Péladeau's selection alienated voters on several fronts. He had a reputation for being a union-buster due to his frequent use of lockouts, a significant liability both in a province that is 40 percent unionized and in a party that has long billed itself as a social democratic party. At the same time, his unabashed support for sovereigntism alienated many voters who did not want to vote on the sovereignty issue again. Indeed, according to The Globe and Mail, the PQ's poll numbers flatlined soon after Péladeau announced his candidacy and never recovered.

Péladeau was elected in the Saint-Jérôme riding with 37 percent of the vote. His first day at the National Assembly was on 26 May 2014, eight days after a bike accident in the Eastern Townships left him with four fractures.

Following much speculation, Péladeau officially entered the Parti Québécois leadership race in November.

Péladeau's wealth and status as principal shareholder of Québecor, the province's largest media firm, were leading issues during the campaign. The Péladeau campaign outspent the second place candidate, Alexandre Cloutier, by over five times, spending a total $415,000, with Cloutier spending $79,598.

On 15 May 2015, Péladeau was elected leader of the Parti Québécois with 57% of party votes. He resigned his posts on 2 May 2016.

==Personal life==
Péladeau has a daughter from his previous relationship with Isabelle Hervet, a native of France.

He was in a long-term relationship with Julie Snyder, which produced two children.

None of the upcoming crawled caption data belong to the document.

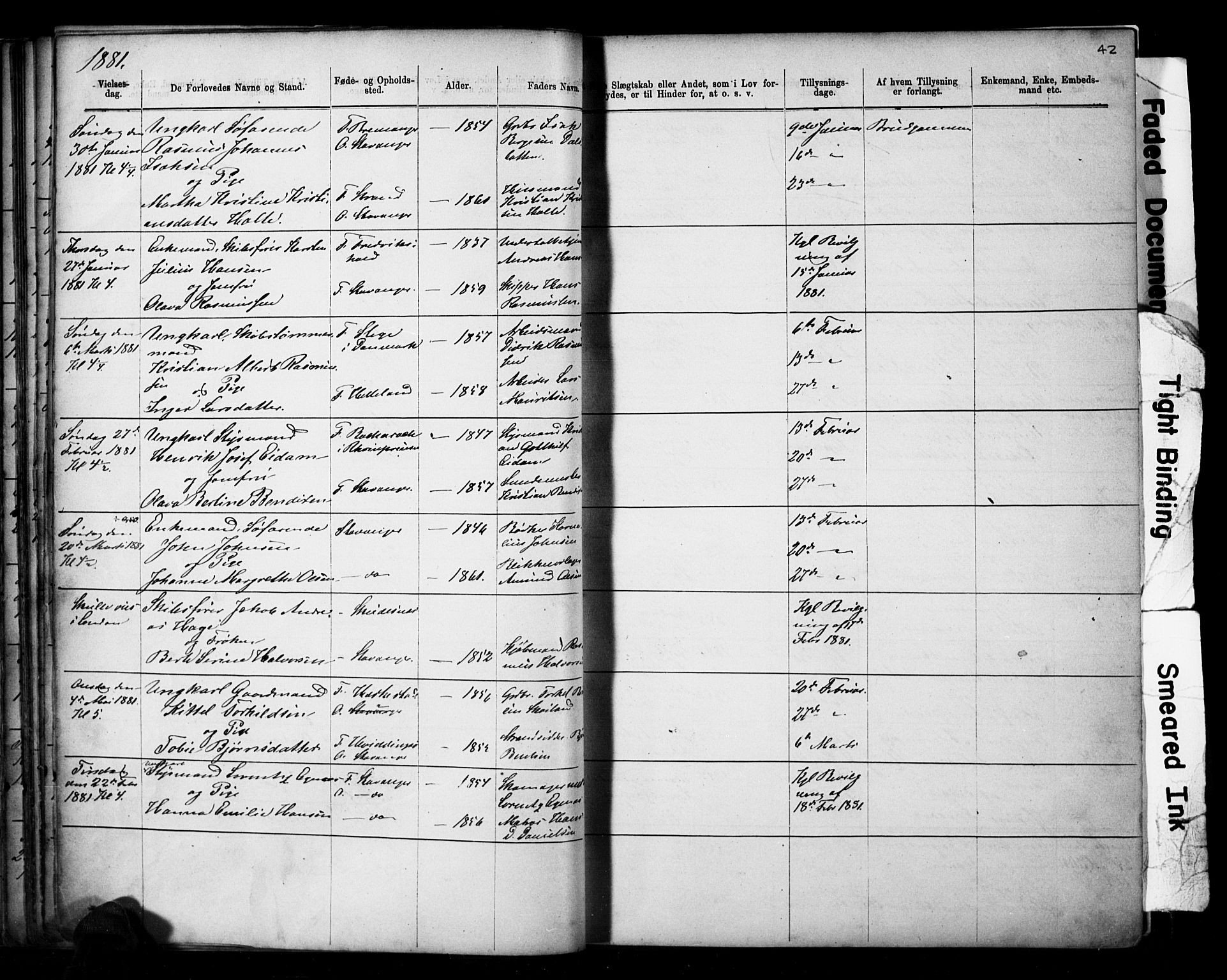 Domkirken sokneprestkontor, SAST/A-101812/001/30/30BB/L0014: Parish register (copy) no. B 14, 1875-1902, p. 42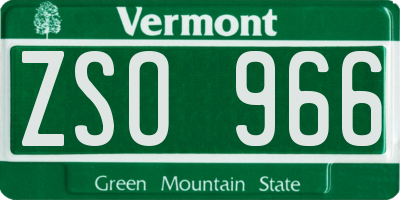 VT license plate ZSO966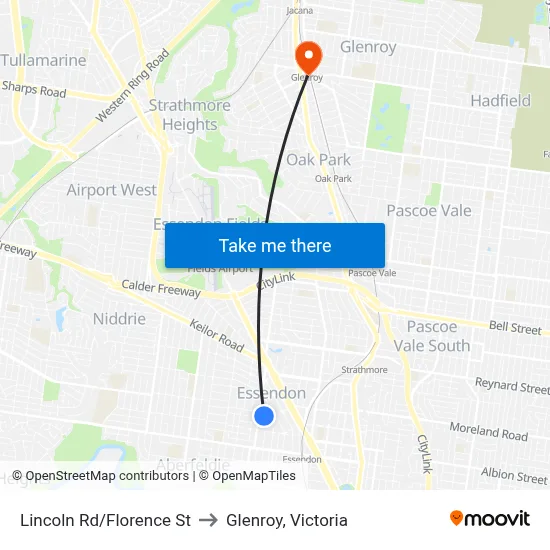 Lincoln Rd/Florence St to Glenroy, Victoria map
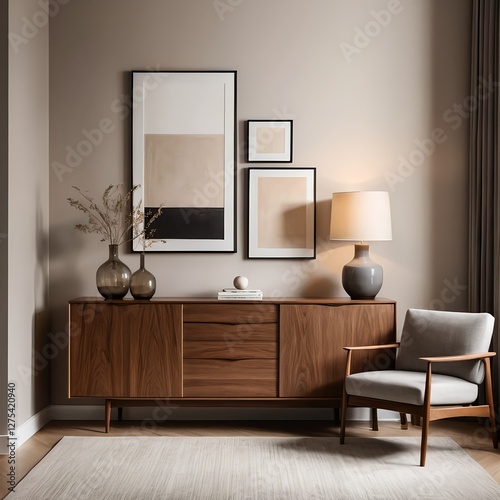 Wallpaper Mural Modern Living Room Interior with Wooden Sideboard and Armchair Torontodigital.ca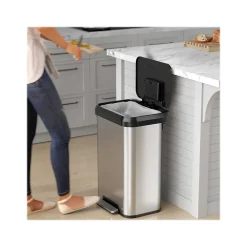 SoftStep EXP Stainless Steel Step Trash Can, 13.2-Gallon, Silver/Black (PP13RSB)<iTouchless Clearance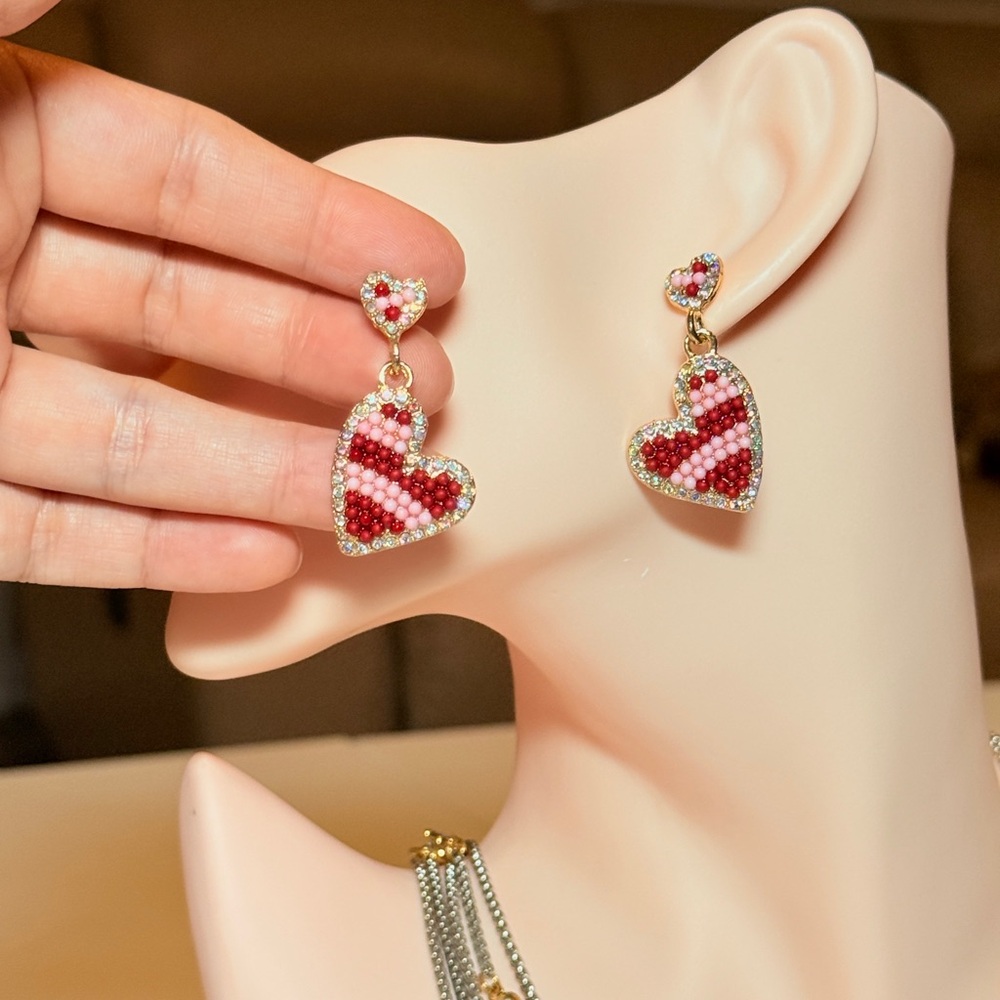 Red Beaded Heart Drop Earrings - Women Jewelry - Picture 4 of 11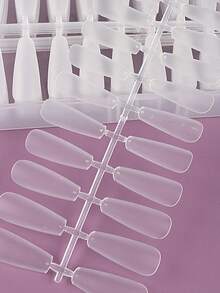 FULL BEAUTY 240 片长棺材透明假指甲按压指甲美甲用品短指甲 - 無色 - 查看 3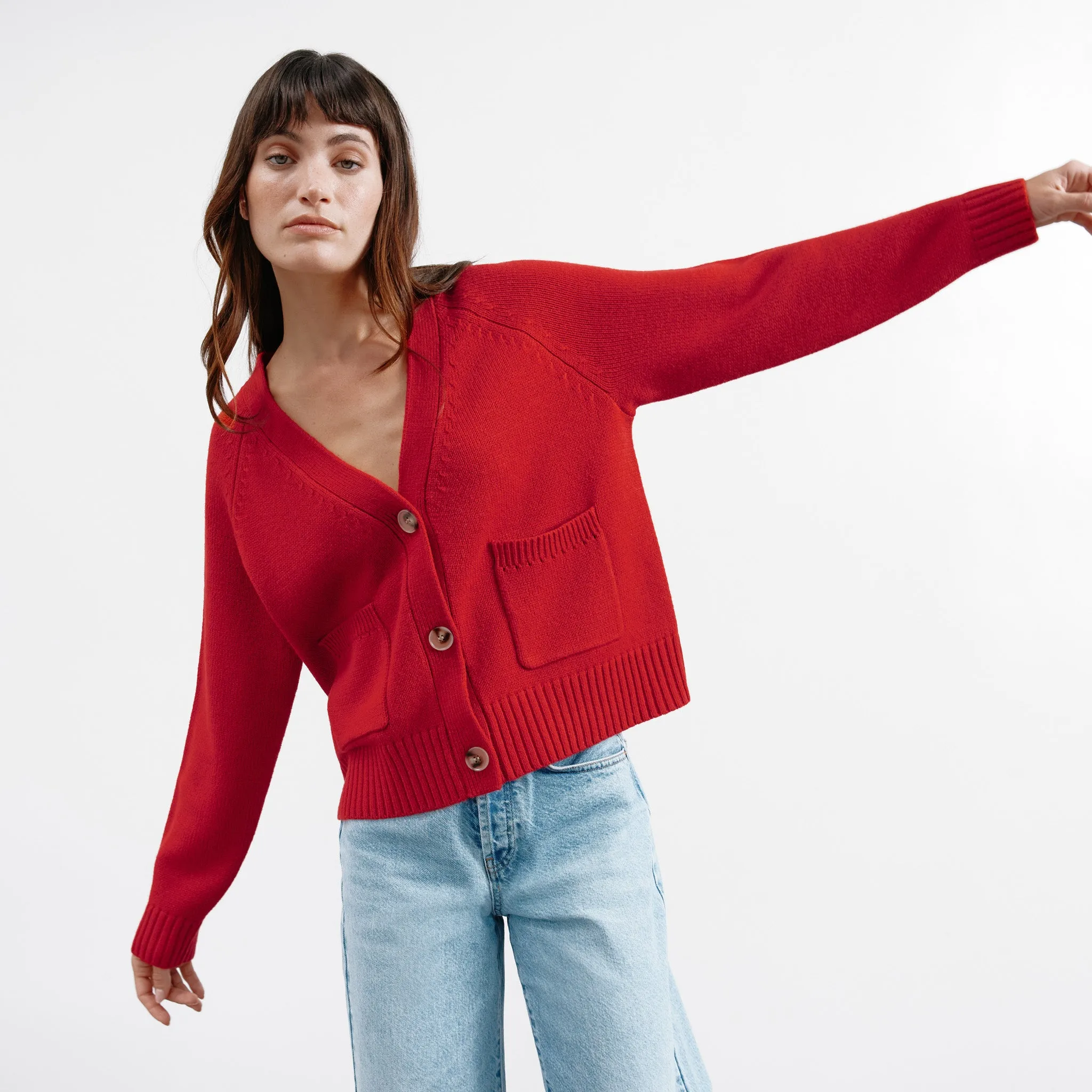 Red Relaxed V Neck Cardigan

Their separation was announced in December 2013, but the couple later reconciled and were married on 15 August 2015 in Quebec City, Quebec. They separated again in January 2016, less than five months after their marriage. They divorced in 2016.

His girlfriend Marie-Christine Couture was discovered dead in October 2016 at her home in Montreal. Police theorize it was from suicide.

Péladeau dated Lucie Laurier, a Canadian actress, for a while.

As of 2021, he is in a relationship with model and artist Pascale Bourbeau. They have two boys

In 2025, Forbes estimated his net worth to be about $2.4 billion.

Péladeau is active in many charitable and cultural organizations. Quebecers identify him with his initials, PKP.